The euro zone's two biggest economies, France and Germany, have seen their growth outlook revised by their respective central banks as meaningful growth remains elusive for the region.
Germany's Bundesbank on Friday revised down its growth forecasts for this year to 1.7 percent, down from its earlier forecast of 1.8 percent. The German central bank also revised growth rates for 2017 and 2018 to 1.4 percent and 1.6 percent respectively. This followed a decision by the Banque de France (Bank of France) to cut its growth forecast for the French economy for 2017 to 1.5 percent, down from 1.6 percent. However, it kept its 2016 outlook unchanged at 1.5 percent
Economists at the Bundesbank have attributed the revision of forecasts to low inflation in the first half of 2016 and to the continued volatility in crude oil prices.
"Fluctuations in the price of crude oil continue to present a risk, particularly for the price projection, but on the whole appear balanced, as do the risks to economic growth, Bundesbank President Jens Weidmann said in a press note.

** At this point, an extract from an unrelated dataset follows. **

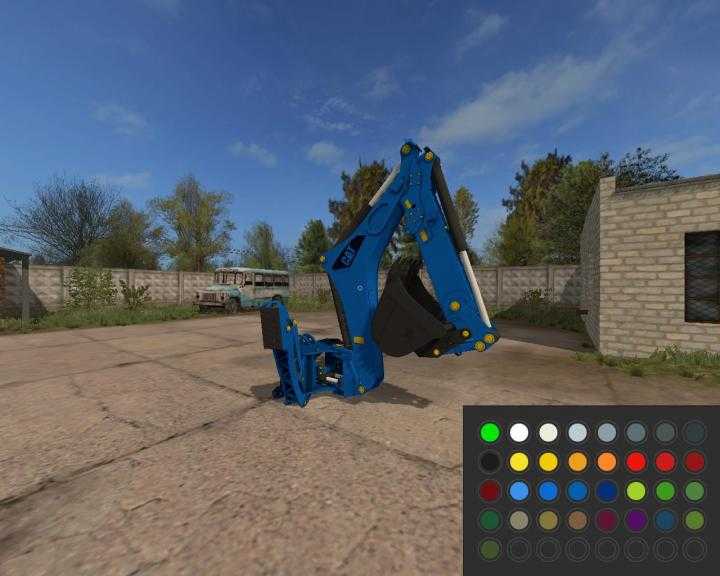 FS17 – Backhoe V1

Inflation is a big concern, not just for Germany but for the entire region which is struggling to meet the European Central Bank's target of 2 percent. Germany's consumer price index edged up by 0.1 percent in May after falling by 0.1 percent in April, marking an exit from deflation. The central bank in its latest outlook has cut its inflation projection for 2016 to 0.2 percent from 1.1 percent, while the 2017 forecast has been lowered from 2 percent to 1.5 percent.